**GIVEN RECORDS**
+++

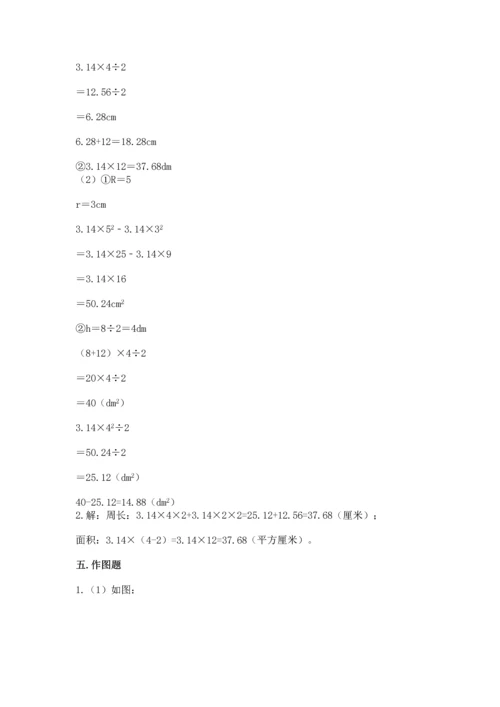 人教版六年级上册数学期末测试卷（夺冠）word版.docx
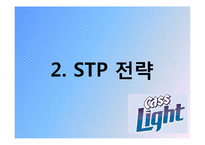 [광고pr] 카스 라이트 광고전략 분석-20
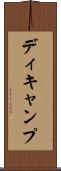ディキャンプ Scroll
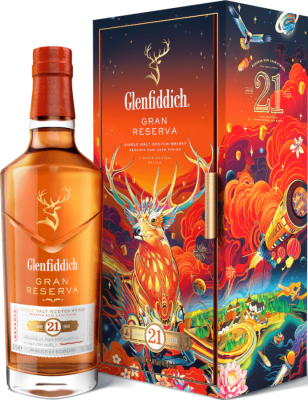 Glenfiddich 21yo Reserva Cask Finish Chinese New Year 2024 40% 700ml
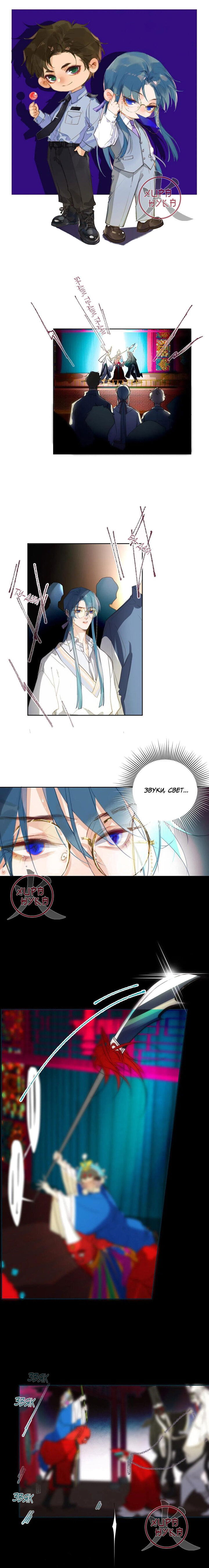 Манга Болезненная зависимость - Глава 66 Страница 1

+++

**ACTIVITY**
Retype all of the listing above exactly, but keep its pictures out.

**THE ANSWER**
 人教版六年级上册数学期末测试卷（夺冠）word版.docx
 [광고pr] 카스 라이트 광고전략 분석-20
ディキャンプ Scroll
 Glenfiddich 21yo Reserva Cask Finish Chinese New Year 2024 40% 700ml
 Манга Болезненная зависимость - Глава 66 Страница 1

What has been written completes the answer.